Increase your likelihood of getting both a loan and a lower interest rate by getting a good credit score. Lenders are more likely to give a loan to someone who poses less of a risk.
How then do you prove to a lender that you’re low risk? Here are a few things that you can do to improve your credit score.
Possess responsible buyer behaviour
You can do so by spending responsibly. Given the way the lenders will scrutinise your spending behaviour and financial history, you need to make sure that there aren’t any red flags in your report. Do this by not taking out additional credit when you can’t afford to and avoiding unnecessary costs (You don’t need both Netflix and DSTV).
Get out of debt
Borrowers with small amounts of debt might not have any trouble putting aside enough money each month to make their repayments. But those heavily in debt will need a strategy, and some might even need to rely on a debt consolidation loan to make their debt manageable.
Do this through a repayment plan this means assessing all of your current debt and expenses and then working out a strategic plan to pay off your debt faster. Or through a debt consolidation loan can be a good solution if you find yourself with many monthly instalments or uncontrollable debt.

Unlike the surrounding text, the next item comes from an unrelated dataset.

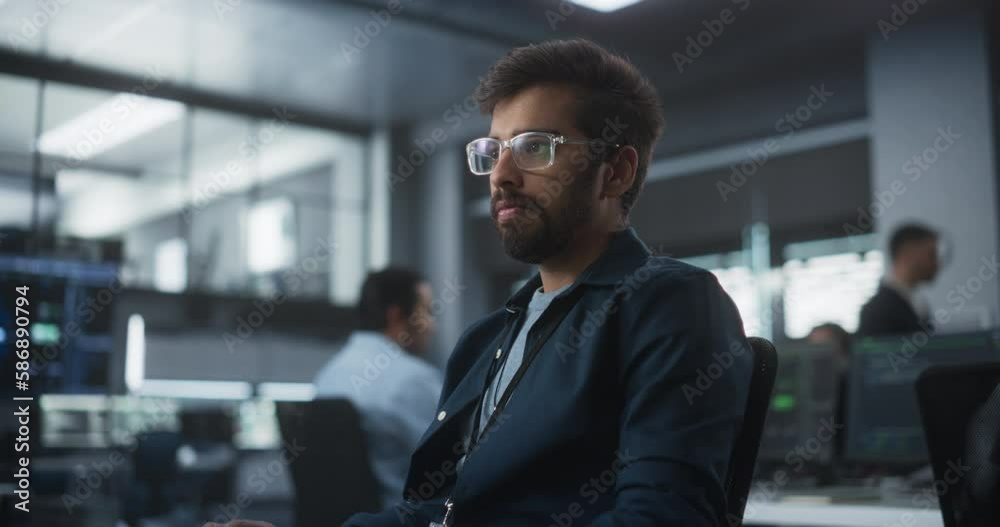 Aufkleber Handsome Indian Software Developer Working on Computer in a Technological Laboratory Environment. Young Man is Thoughtful at His Workplace, Drafting Research Ideas for an AI Development Blockchain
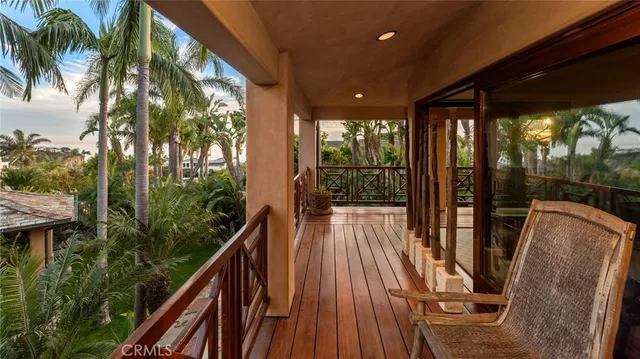 a view of balcony with furniture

Pay on time and don’t miss payments
To avoid missing payments or paying late, both of which have a negative impact on your credit score, consider making your payments via debit order. The more consistent you are in making regular payments, the more your credit score will improve.
If you’re struggling to make ends meet and won’t be able to make a payment on time, talk to your creditors to find a solution. Responsible lenders don’t aim to trap their customers in inescapable debt. And many will work with you to restructure your debt in such a way that you can pay it off.